Идея сделать материал о Дали была принята на ура. Испанцы с большим пиететом относятся к собственной культуре, давно сделали из нее источник дохода, поэтому мне и фотографу Сергею Бабенко, которого я пригласил с собой поработать на этот раз и с которым мы до этого много работали в Москве и пару раз на Мальте, был включен зеленый свет. Мы вылетели в Барселону и, проигнорировав ожидавший нас в аэропорту Opel Vectra, решили доехать до Фигераса на электричке, где тут же открыли четвертинку виски для лучшего восприятия окружающей среды и девушки напротив, которая постоянно и со вкусом грызла собственные ногти.

Небольшой городок Фигерас в каталонской провинции Жирона – это родина Сальвадора Дали. Самый эпатажный, самый скандальный художник всех времен и народов появился на свет в этом сонном местечке 11 мая 1904 года на улице Нарсисо Монтуреоля в доме №20, где и провел первые десять лет жизни. В шесть лет Дали мечтал стать кухаркой женского пола, в десять Наполеоном II, а все последующие годы исполнял роль «просто гения», как он себя называл, оставив вопрос о своей гениальности и сумасшествии в разряде полемики для интеллектуалов.

Главное в Фигерасе – это Музей Сальвадора Дали. Среди испанских сокровищ музей-театр уступает по посещаемости только прославленному Прадо и частной коллекции Тиссена в Мадриде, а также филиалу музея Соломона Гуггенхайма в баскском городе Бильбао. «Фигерас без Дали так и остался бы заштатным городишкой, единственной ценностью которого были бы еженедельные базары.
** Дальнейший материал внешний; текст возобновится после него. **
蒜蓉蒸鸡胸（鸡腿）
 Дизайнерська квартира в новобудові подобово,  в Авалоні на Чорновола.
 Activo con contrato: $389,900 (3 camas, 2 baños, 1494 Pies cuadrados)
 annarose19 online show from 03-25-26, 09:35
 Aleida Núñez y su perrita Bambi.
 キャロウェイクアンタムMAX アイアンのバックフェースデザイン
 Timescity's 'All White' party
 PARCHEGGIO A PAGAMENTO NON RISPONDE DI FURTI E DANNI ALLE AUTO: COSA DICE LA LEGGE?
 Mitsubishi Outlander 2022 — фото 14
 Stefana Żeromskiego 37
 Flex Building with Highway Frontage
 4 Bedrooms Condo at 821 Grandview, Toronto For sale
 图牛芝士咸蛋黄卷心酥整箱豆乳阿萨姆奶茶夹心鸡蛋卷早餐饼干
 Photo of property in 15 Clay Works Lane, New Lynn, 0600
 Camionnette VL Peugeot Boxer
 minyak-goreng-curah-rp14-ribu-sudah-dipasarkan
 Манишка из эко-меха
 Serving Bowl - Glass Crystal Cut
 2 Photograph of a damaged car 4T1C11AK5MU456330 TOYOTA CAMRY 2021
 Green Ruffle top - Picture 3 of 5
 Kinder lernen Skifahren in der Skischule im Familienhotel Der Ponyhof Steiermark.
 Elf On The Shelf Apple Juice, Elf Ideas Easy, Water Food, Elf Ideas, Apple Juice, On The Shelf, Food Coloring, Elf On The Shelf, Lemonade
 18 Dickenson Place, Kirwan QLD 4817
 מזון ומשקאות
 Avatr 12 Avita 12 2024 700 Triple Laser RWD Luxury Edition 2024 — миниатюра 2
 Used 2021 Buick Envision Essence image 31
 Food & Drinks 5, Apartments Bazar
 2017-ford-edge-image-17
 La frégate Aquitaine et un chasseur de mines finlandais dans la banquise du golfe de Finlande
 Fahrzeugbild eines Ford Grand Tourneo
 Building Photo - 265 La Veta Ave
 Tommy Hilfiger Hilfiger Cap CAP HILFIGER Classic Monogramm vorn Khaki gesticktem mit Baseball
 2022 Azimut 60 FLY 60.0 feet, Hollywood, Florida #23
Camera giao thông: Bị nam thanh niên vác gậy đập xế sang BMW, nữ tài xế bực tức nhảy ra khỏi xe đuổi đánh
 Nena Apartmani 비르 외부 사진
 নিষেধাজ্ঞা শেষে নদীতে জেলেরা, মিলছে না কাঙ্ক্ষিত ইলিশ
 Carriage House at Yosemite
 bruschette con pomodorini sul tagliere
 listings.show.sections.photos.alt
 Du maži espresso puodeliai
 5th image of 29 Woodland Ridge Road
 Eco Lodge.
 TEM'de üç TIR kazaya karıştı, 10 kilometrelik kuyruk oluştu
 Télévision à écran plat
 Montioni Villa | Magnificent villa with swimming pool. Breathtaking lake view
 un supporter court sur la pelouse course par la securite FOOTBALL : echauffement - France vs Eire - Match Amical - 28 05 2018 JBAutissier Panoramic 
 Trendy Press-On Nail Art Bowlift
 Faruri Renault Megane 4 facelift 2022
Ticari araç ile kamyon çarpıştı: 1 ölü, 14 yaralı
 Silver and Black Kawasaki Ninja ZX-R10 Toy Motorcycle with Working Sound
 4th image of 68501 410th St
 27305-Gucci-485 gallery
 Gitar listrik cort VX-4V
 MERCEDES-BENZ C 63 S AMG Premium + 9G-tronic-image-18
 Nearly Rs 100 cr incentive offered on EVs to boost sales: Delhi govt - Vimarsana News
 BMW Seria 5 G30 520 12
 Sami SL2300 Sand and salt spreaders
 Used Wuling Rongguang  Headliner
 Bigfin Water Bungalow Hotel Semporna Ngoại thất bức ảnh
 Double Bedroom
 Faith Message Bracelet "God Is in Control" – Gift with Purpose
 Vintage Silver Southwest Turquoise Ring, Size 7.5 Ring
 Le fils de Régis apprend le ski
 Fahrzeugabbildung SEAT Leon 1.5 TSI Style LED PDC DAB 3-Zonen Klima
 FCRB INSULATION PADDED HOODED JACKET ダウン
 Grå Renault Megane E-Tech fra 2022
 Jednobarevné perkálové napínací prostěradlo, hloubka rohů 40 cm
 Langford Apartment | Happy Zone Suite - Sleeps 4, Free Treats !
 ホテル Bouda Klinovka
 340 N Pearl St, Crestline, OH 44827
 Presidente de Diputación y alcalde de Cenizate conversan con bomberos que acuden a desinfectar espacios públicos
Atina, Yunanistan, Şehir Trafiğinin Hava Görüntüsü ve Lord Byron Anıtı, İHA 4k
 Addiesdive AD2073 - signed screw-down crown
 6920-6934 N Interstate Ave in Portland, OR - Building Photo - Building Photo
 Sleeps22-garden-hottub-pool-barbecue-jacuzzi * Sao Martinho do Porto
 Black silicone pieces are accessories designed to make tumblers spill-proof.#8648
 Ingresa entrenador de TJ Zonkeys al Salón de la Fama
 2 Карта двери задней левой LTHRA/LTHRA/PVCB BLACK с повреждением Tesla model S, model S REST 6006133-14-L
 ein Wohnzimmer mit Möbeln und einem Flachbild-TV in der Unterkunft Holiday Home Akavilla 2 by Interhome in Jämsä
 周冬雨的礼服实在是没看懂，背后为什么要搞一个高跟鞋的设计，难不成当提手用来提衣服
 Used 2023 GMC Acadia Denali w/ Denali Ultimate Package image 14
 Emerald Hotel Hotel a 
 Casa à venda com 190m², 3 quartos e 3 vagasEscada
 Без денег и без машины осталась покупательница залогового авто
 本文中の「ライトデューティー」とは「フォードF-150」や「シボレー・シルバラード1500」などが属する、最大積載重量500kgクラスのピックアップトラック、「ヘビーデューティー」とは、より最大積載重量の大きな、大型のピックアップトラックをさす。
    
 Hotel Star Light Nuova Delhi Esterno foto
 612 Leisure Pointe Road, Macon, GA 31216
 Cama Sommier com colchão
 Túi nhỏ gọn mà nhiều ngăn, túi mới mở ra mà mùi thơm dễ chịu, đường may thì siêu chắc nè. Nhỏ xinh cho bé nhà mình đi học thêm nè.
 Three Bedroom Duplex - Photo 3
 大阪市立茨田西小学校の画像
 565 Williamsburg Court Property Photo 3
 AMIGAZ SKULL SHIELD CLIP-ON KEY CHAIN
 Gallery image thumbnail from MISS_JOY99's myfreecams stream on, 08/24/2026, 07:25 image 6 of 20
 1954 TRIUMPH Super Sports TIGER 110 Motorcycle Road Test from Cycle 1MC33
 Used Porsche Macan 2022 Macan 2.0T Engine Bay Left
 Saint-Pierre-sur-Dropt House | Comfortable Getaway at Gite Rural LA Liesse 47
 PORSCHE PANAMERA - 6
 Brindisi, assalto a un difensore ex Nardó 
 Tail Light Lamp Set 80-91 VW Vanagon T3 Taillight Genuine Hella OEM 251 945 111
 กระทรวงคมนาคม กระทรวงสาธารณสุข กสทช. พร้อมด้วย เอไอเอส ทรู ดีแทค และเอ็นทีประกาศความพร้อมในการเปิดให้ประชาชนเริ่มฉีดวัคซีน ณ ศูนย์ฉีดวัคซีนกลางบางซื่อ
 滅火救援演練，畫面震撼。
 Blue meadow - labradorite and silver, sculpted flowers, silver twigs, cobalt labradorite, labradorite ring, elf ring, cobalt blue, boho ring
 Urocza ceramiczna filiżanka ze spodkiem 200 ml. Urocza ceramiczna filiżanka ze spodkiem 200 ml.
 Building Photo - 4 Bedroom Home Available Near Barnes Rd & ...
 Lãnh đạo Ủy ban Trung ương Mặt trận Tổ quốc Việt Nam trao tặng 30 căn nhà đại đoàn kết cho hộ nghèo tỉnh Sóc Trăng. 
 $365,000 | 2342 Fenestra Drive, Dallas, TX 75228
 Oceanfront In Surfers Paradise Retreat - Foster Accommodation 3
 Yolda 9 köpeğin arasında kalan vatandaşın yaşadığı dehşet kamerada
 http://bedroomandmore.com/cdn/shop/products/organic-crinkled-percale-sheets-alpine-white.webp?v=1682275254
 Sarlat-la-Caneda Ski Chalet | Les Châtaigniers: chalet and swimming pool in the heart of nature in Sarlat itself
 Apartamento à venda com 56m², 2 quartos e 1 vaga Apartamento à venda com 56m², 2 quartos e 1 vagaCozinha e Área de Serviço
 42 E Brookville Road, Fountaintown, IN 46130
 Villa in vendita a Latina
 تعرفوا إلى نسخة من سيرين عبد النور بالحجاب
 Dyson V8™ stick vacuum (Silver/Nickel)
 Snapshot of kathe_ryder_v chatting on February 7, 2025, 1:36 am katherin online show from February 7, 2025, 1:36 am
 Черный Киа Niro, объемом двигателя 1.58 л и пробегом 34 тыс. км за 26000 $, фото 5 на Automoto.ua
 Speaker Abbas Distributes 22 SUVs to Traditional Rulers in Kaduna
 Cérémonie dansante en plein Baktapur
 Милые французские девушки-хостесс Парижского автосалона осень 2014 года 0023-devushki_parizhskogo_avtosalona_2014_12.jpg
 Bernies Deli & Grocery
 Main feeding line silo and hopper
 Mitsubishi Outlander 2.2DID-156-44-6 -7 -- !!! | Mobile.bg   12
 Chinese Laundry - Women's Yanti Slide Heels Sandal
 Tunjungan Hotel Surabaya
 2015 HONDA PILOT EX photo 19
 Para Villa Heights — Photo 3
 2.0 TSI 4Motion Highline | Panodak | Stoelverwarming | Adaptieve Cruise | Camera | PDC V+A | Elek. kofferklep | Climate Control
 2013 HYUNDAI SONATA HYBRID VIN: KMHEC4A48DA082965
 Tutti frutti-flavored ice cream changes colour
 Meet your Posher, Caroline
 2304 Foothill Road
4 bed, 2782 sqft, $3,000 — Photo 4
Благодаря Дали и подаренному им музею-театру он приобрел международный статус». Так писала старейшая испанская газета La Vanguardia. Сам же Дали говорил, что он дал городу Хлеб, треугольный символ которого украсил стены розового дома. Идея музея, открытого 28 сентября 1974 года, зародилась у художника еще в 1960 году с подсказки его друга – фотографа Мели, и вплоть до его открытия Дали был полностью отдан воплощению этого проекта в жизнь. Музей создавался на развалинах городского театра, в котором прошла первая выставка художника, когда ему было 14 лет, и сгоревшего во время гражданской войны 1939 года, поэтому зданию понадобилась основательная реконструкция, в результате которой вместо потолка появился куполообразный витраж, собранный из 2160 разноцветных треугольных стекол. А на фасадах здания появились фигуры обнаженных женщин и гигантские муляжи куриных яиц, каждое высотой 2,8 и шириной 1,8 метра. У входа в музей Дали распорядился посадить большую оливу и воздвигнуть две статуи каталонских философов: Рамона Льюля и Франсиско Пуйоля. Еще одна скульптура увековечила память кумира Дали – художника Эрнеста Мейсонье. Жители Фигераса с любопытством наблюдали, как с помощью молодого каталонского архитектора Переса Пиньеро росло необычное сооружение, которое специалисты впоследствии назовут «памятником сюрреалистической архитектуры».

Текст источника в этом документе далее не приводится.